Wer'e Making a Difference Foundation (People in recovery)

Wer'e Making a Difference Foundation (People in recovery) This site has been donate for people like myself, to post, learn, discuss anything related to recover. A 12-Step outlet! check out the Info page!

This committee is AA based, but everyone is welcome... Thank you for your support & God Bless!

02/03/2026

This Too Shall Pass
Serenity is not freedom from the storm, but peace during a storm.

We learn in our recovery that life has a way of recreating itself. This discovery is one we are taught not to fight. We remember how badly we hurt when things would pass away from us, whether it was a lost doll, a lost dog, or a lost dad. We closed ourselves off from the possibility that anything of value could come from the loss. Yet the doll was replaced, a cat came into our lives, and a father figure emerged.

The key to staying on our program is to remember that life does recreate itself. There will be many moments when we find ourselves squarely in the middle of a passing away. We will be hurt and wonder how we go on.

Not to worry, this too shall pass. This cold winter of a moment will break soon into a sunny spring of a future.

There can be no comings if there are no goings. Life can't be recreated if there is no passing away. I need to remember that sometimes it is darkest before daybreak.

02/02/2026

When you're down and out, something always turns up - and it's usually the noses of your friends.

Friends ought to stand by us in adversity, and many do so. But if our addiction becomes public knowledge, we may find ourselves isolated. Friends drop away, lovers leave, children retreat into incomprehension.

Now we really need support. We know we cannot go it alone; we have been alone too long. We need the strength that comes from other people.

This is when we come to acknowledge the power of the group. Our program is based on the affection, strength, and caring of our fellow sufferers, many of whom have been in dark and lonely places, too. They understand; they are our brothers and sisters in sickness and in health. They understand and they do not condemn us; they have compassion that comes from fellowship in suffering. As we learn to trust them, we participate in a new communion of friendship that gives us strength and love.
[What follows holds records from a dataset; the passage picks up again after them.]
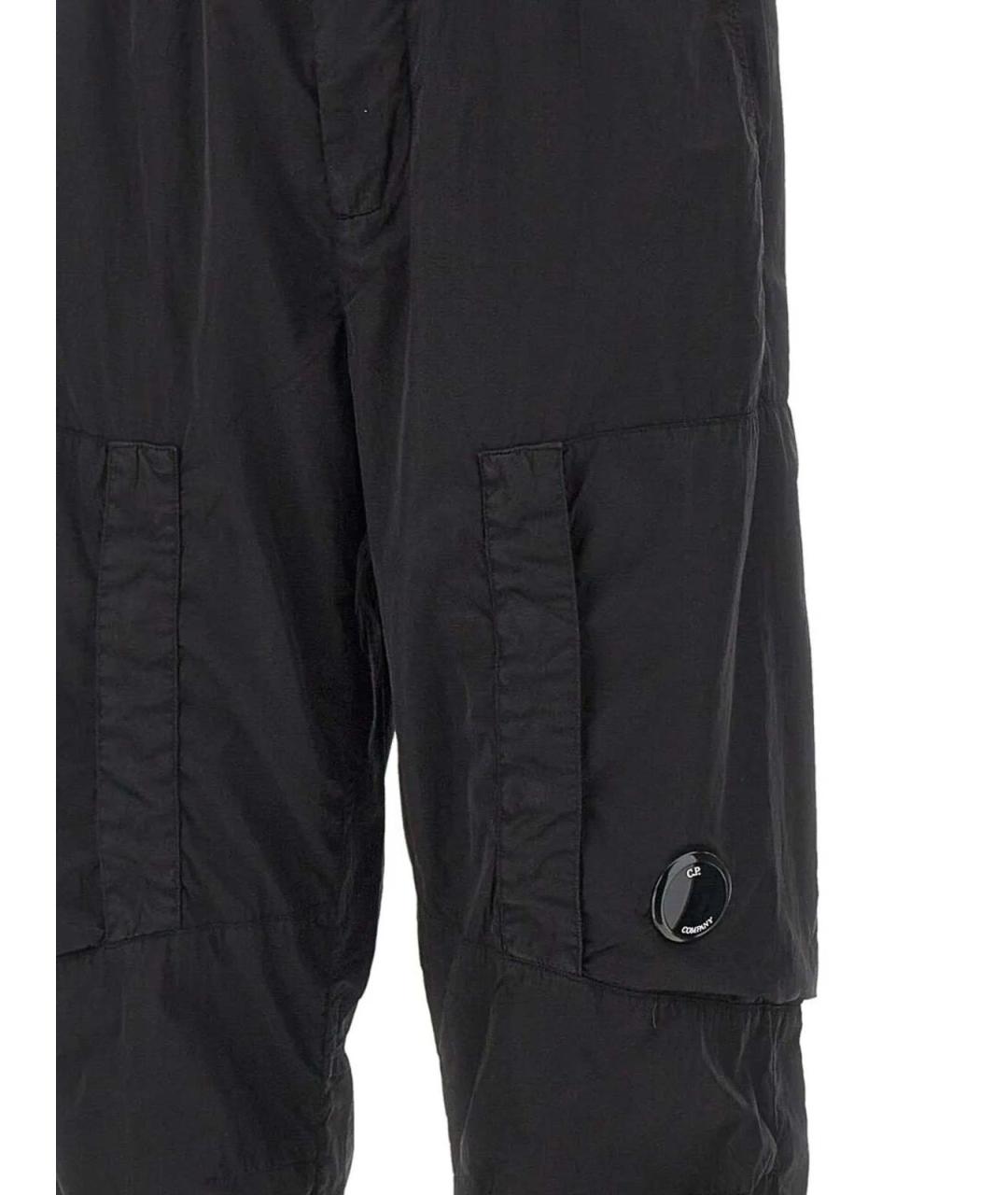 CP COMPANY Черные полиамидовые повседневные брюки, фото 3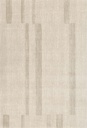 Tapis en laine AGNUS-B BRUSH LINES beige, style contemporain avec lignes cassées et effet texturé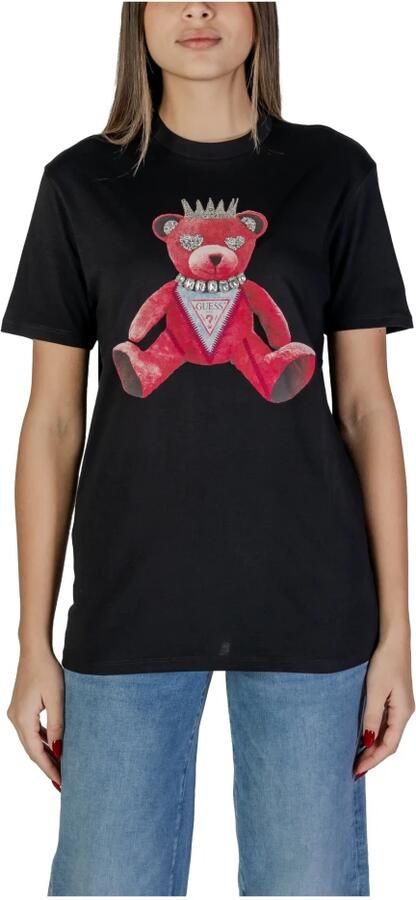 Guess Korte mouw katoenen T-shirt collectie Black Dames - Foto 8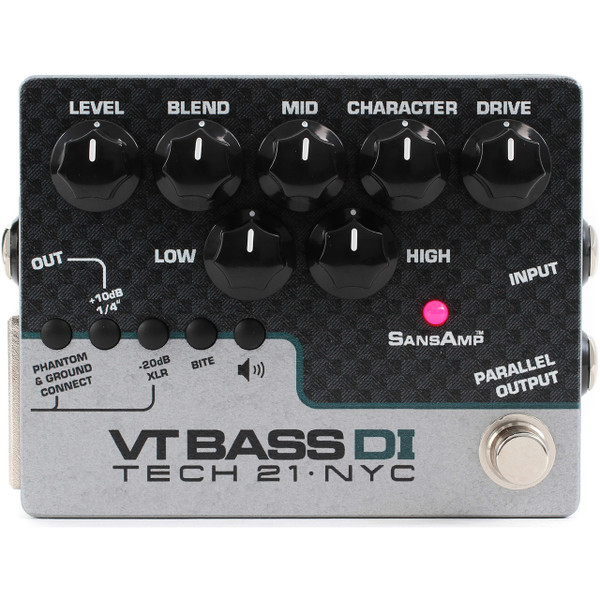 Tech 21 SansAmp Character Series VT Bass DI, CS-VTB-DI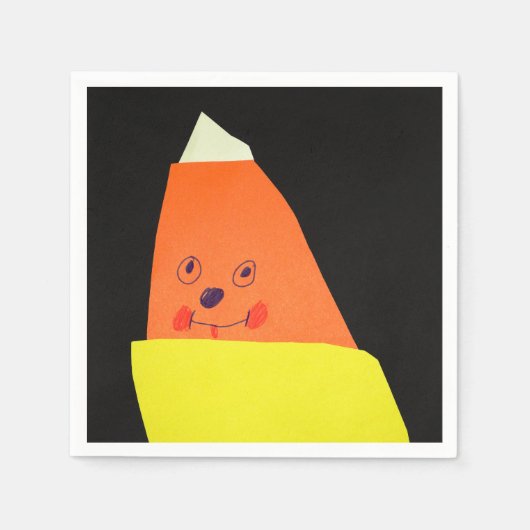 Candy Corn Monster Servet (Voorkant)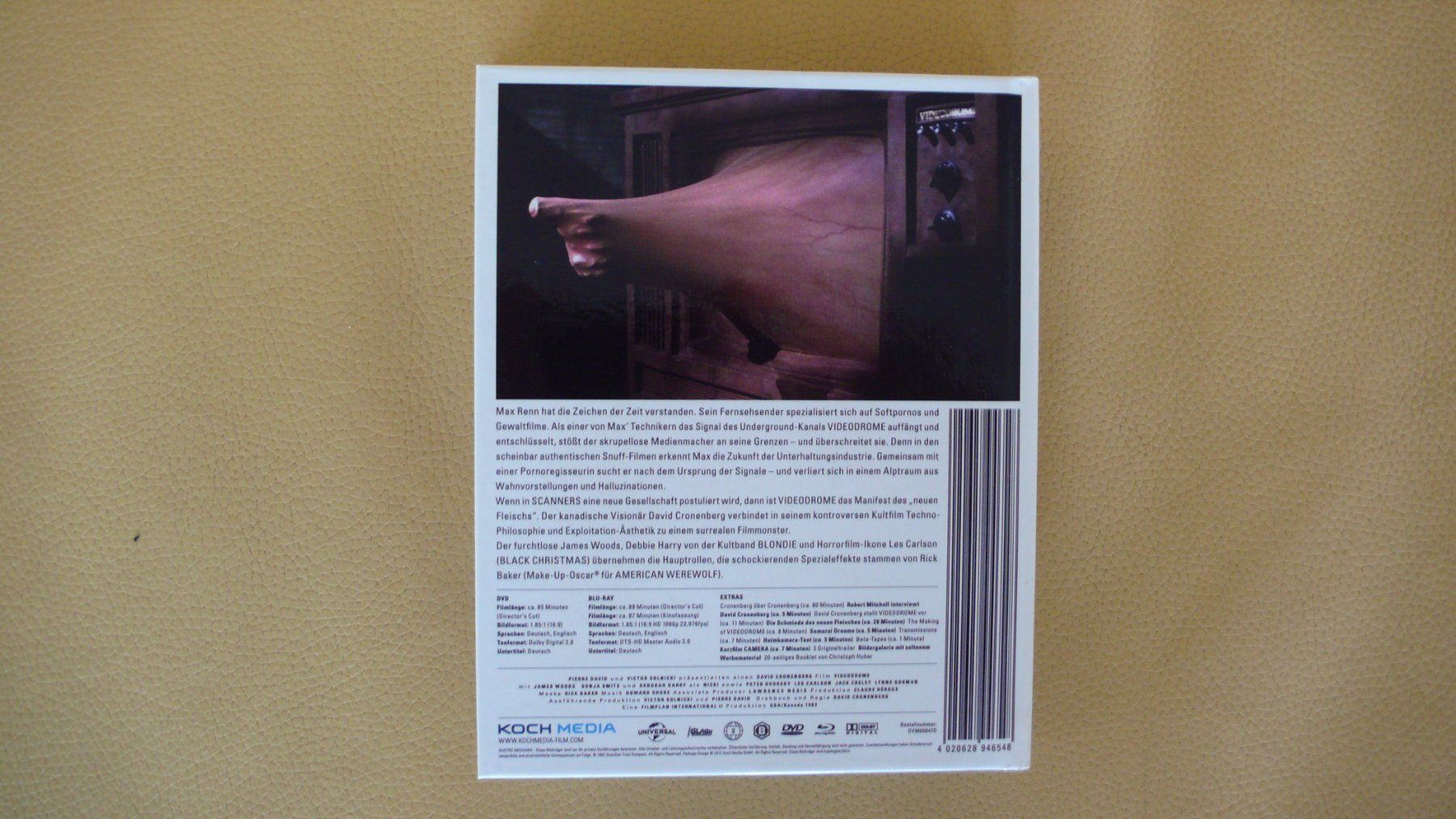 Tutti i DVDs: Videodrome Mediabook (David Cronenberg, Deborah Harry) – Nuovo (secondo la descrizione) da Dorf venduto da Amphibolix 2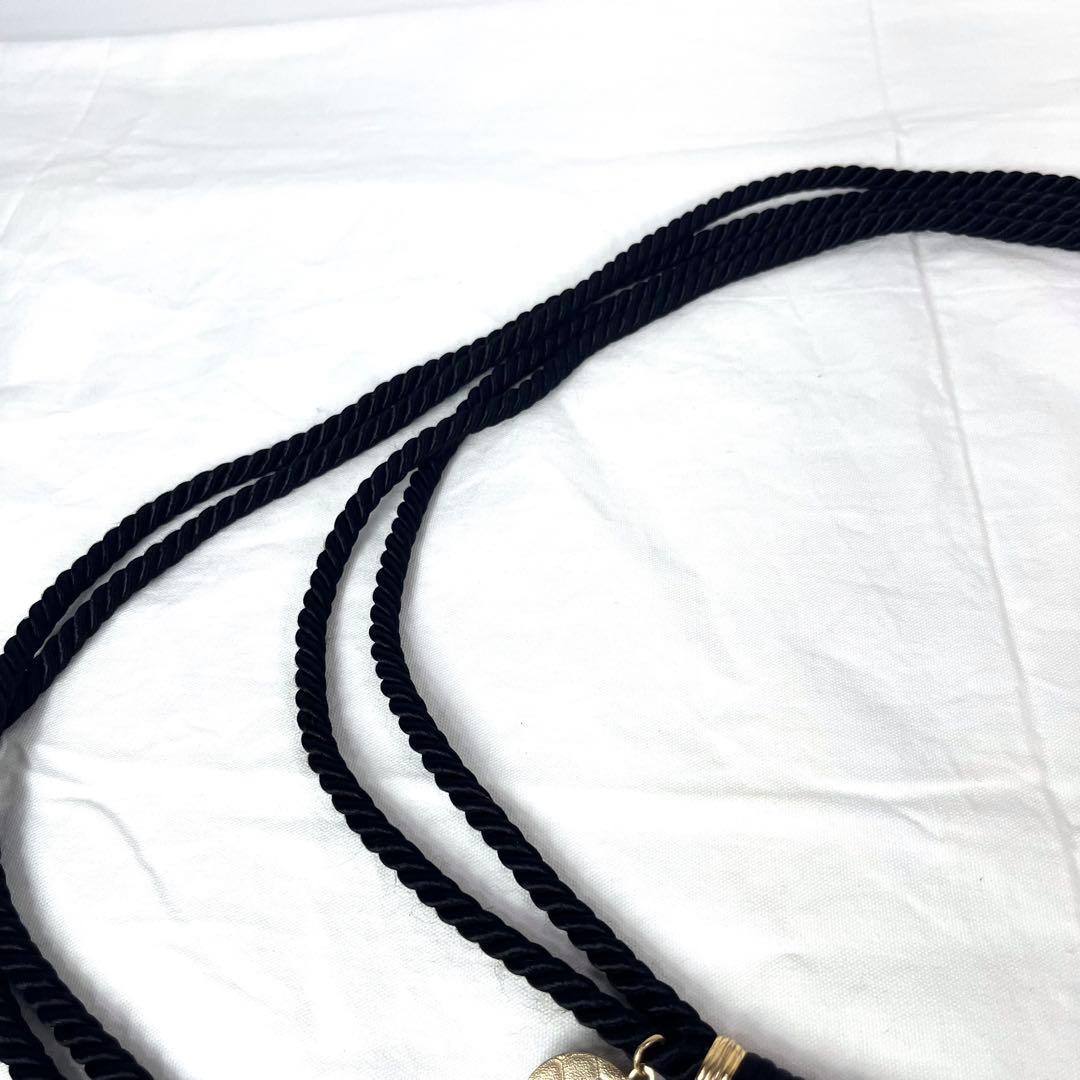 【希少】クリスチャンディオール　ロープベルト　ハート　ハニカム　ゴールド　ロゴ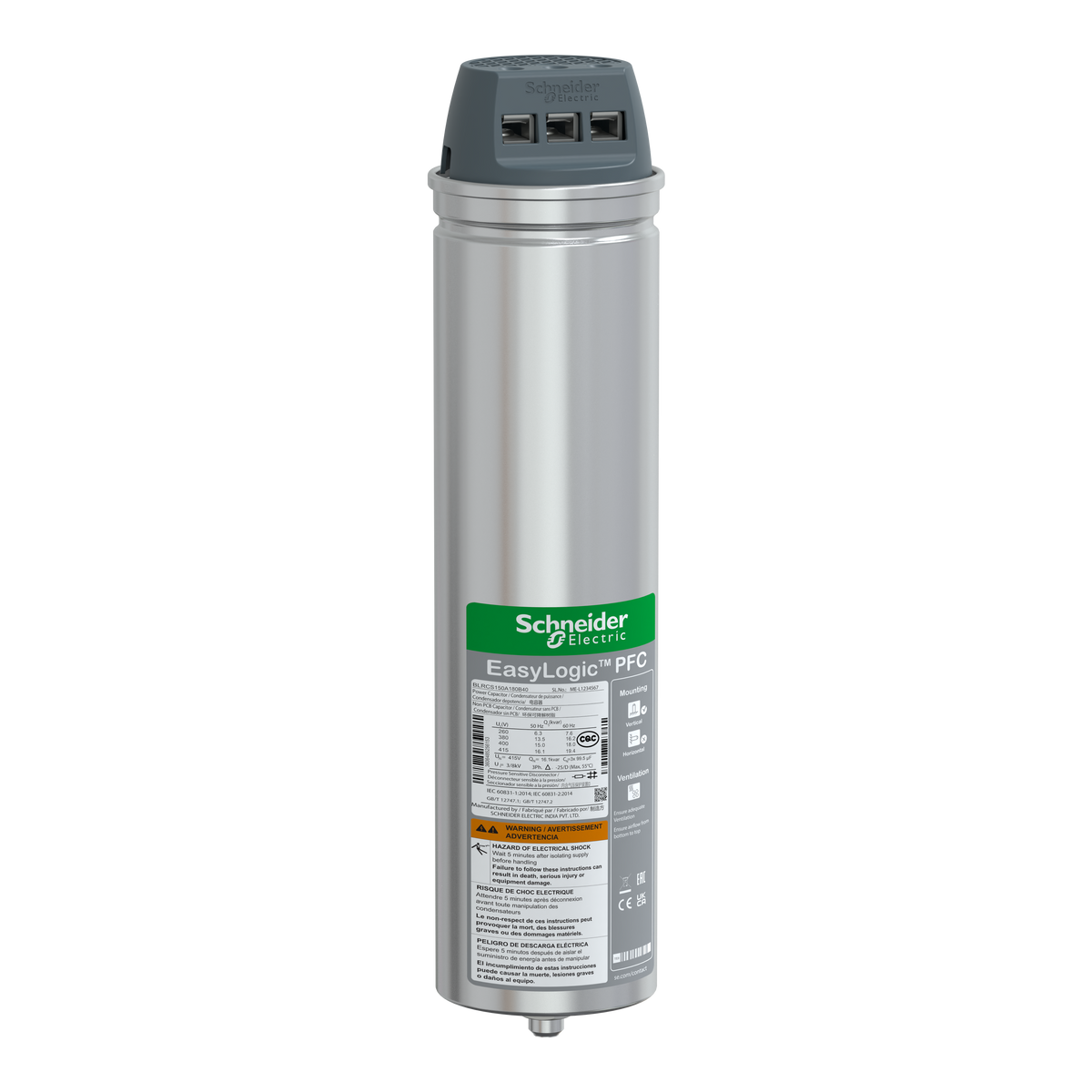 شنايدر إلكتريك Schneider BLRCS150A180B40 تصحيح معامل القدرة Capacitor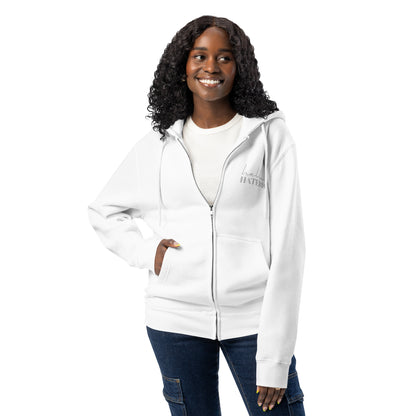 Hello Haters Full Zip Hoodie | Feminist Statement Graphic Hoodie - Spinsterly Co
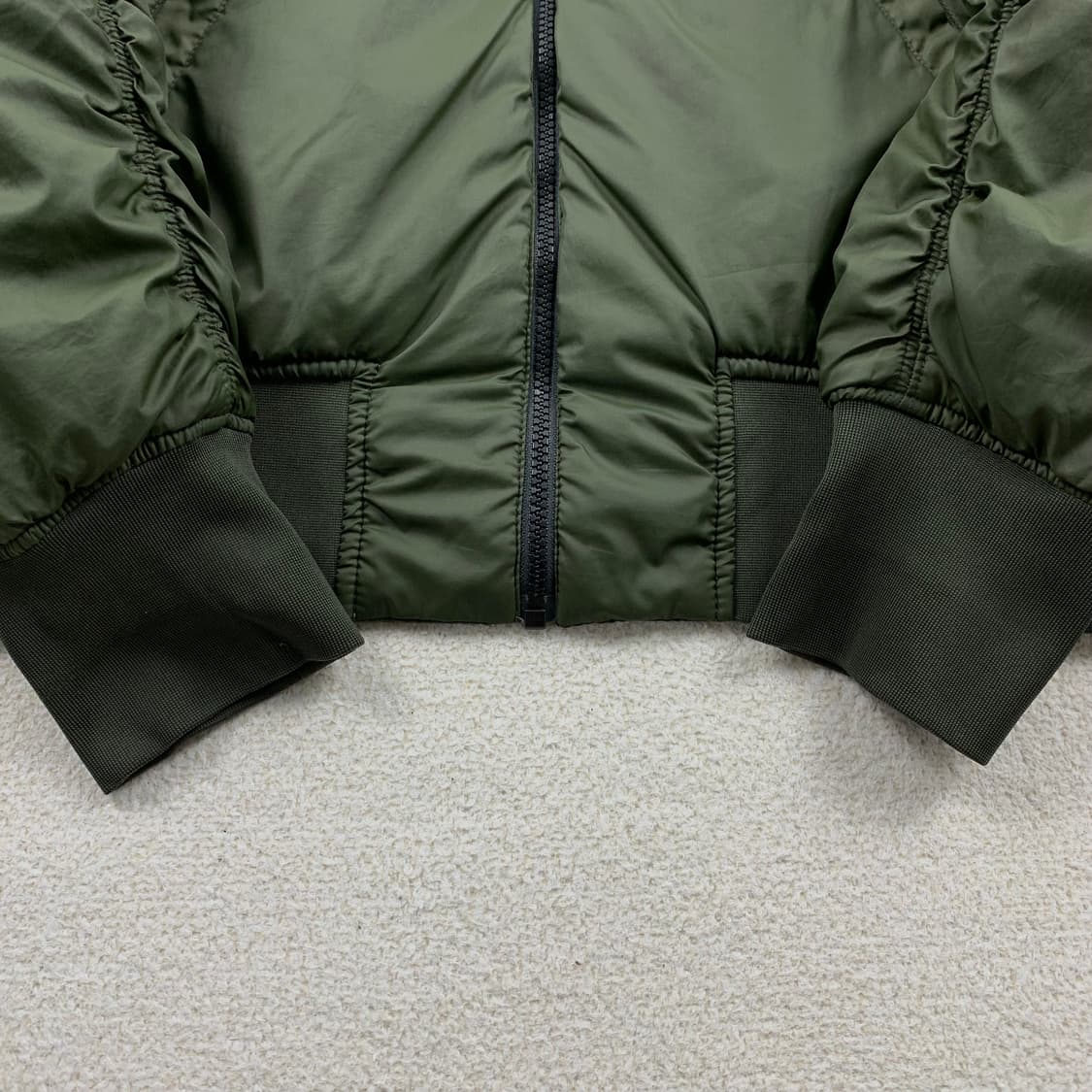 나이키 자수로고 윈드러너 리버시블 MA-1 항공점퍼 카키  상품이미지8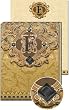 F Monogram Jewel and Gold Foil Embellished Pocket Note Pad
I need support, and I am finding it through my program and in my group.

02/01/2026

Most people see the problem of love primarily as that of being loved, rather than that of loving, of one's capacity to love.

We want others to love us. We search to find love. However, recovery asks that we focus our energies on loving instead of looking for love. We are to work at increasing our capacity to love. Love and loving others help protect us from our addiction.

During our active addiction, we "loved" to drink, do drugs, party, gamble, or casually hook up with other people. Although we "loved" these behaviors, these are not loving behaviors; these are self-centered behaviors.

We learn in recovery that we need to do the work of love. We see a need, and we work to be of service. We see someone hurting, and we offer an ear to listen. Or maybe we just sit with that person for a time so they know they are not alone. We have looked out for ourselves long enough. Now it is time to give back some of the love the world gave to us, which kept us alive during our addiction.

Prayer for the Day
Higher Power, help me stop looking for love and teach me how to increase my capacity to love. Provide me with opportunities to be of service.

Today's Action
Today I will be a secret service to someone. I will do something for someone and expect nothing in return.

01/31/2026

They may not deserve forgiveness, but I do.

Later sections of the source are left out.